Das Studium bietet euch die Chance, einen Auslandsaufenthalt in euren Studienverlauf zu integrieren – sei es über ein Austauschprogramm oder selbst organisiert. Wenn ihr den Blick über den deutschen Tellerrand wagen möchte, könnt ihr im Ausland zum Beispiel ein bis zwei Semester an einer Hochschule studieren oder ein Praktikum absolvieren. Besonders das zweite und dritte Semester bieten sich als günstiger Zeitraum für einen Auslandsaufenthalt an. Digitale Lehrformate, E-Learning-Angebote und moderne Kommunikationskanäle können euch dabei unterstützen, euren Studienverlauf auch während eines Auslandsaufenthalts reibungslos fortzusetzen.

Das Akademische Auslandsamt informiert und berät euch zu den verschiedenen Optionen und Stipendienprogrammen.

Ihr schließt euer Studium mit dem akademischen Grad Master of Arts (M. A.) ab.

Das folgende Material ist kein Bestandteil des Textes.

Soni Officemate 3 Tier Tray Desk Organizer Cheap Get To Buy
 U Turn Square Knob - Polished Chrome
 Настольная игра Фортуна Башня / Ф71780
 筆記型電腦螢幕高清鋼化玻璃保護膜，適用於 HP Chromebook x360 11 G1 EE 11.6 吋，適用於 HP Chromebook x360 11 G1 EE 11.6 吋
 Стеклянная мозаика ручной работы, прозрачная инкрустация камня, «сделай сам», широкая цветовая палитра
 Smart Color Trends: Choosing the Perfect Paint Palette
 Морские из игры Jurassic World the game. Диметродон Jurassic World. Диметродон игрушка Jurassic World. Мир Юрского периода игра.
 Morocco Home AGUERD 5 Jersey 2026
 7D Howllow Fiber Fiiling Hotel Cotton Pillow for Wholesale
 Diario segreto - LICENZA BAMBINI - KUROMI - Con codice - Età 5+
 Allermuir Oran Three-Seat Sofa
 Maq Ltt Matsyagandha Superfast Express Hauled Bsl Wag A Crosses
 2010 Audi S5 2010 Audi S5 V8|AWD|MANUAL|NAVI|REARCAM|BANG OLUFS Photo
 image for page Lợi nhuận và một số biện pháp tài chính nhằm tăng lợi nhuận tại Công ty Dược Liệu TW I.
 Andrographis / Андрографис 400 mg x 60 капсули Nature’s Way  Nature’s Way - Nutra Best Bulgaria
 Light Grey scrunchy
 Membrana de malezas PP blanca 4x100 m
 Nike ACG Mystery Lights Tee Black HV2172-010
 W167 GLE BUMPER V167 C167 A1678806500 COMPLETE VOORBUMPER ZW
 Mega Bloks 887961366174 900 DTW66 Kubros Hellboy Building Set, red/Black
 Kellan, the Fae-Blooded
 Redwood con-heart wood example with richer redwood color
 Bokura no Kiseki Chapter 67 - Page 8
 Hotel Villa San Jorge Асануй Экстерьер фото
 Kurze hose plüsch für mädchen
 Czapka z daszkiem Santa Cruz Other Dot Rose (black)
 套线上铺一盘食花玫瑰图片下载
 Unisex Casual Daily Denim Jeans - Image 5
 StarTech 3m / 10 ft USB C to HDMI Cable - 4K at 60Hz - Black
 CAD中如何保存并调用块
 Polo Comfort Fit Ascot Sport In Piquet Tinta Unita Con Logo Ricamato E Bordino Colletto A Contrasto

Damit qualifiziert ihr euch für vielfältige Tätigkeitsfelder der lebensweltorientierten Gesundheitsförderung – in Praxis, Management und Wissenschaft. Ihr verbind strategisches Denken mit methodischer Expertise und gestaltet gesunde Lebensbedingungen in unterschiedlichen gesellschaftlichen Kontexten aktiv mit.

Als Absolvent:in arbeitet ihr zum Beispiel

  • im Öffentlichen Gesundheitsdienst (ÖGD),
  • in Bundes- oder Landeseinrichtungen (z. B. Ministerien für Gesundheit oder Landesvereinigungen für Gesundheit),
  • in Gesundheitsämtern,
  • als Gesundheitsmanager:in in Betrieben,
  • als Präventionsfachkraft bei Krankenkassen oder in Bildungseinrichtungen.

Dabei plant, koordiniert und evaluiert ihr Maßnahmen der Gesundheitsförderung, entwickelt nachhaltige Strategien und begleitet Veränderungsprozesse in unterschiedlichen Lebenswelten.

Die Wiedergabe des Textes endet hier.